### WORK ORDER
Copy the lines word for word. Begin at the line that contains "Silver ring with" and end with the final line of the data.

### ENTRIES SHOWN

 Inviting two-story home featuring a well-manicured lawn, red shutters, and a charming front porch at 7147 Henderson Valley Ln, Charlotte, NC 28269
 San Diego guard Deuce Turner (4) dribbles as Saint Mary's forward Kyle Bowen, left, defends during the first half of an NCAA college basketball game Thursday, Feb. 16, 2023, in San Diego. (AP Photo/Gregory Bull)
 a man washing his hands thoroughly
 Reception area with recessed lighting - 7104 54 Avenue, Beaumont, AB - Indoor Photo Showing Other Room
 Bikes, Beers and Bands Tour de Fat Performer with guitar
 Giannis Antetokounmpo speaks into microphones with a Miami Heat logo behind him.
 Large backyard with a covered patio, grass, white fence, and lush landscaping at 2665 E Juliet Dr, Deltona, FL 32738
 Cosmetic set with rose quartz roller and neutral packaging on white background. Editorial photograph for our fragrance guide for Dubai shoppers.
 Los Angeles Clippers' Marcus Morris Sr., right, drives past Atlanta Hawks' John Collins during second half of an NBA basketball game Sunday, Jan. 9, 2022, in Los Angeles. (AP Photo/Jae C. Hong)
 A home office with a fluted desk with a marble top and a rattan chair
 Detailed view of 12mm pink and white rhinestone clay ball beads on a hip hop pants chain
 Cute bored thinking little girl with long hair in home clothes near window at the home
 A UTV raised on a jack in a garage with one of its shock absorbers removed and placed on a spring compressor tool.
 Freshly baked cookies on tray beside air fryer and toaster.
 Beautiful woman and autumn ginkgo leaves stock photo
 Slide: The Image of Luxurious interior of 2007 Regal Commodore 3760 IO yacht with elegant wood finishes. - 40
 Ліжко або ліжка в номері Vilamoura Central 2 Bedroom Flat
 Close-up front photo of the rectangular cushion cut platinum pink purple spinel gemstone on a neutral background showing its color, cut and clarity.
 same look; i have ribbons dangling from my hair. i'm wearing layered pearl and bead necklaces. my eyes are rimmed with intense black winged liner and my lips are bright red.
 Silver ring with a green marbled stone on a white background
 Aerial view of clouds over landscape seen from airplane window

### TASK SOLUTION
 Silver ring with a green marbled stone on a white background
 Aerial view of clouds over landscape seen from airplane window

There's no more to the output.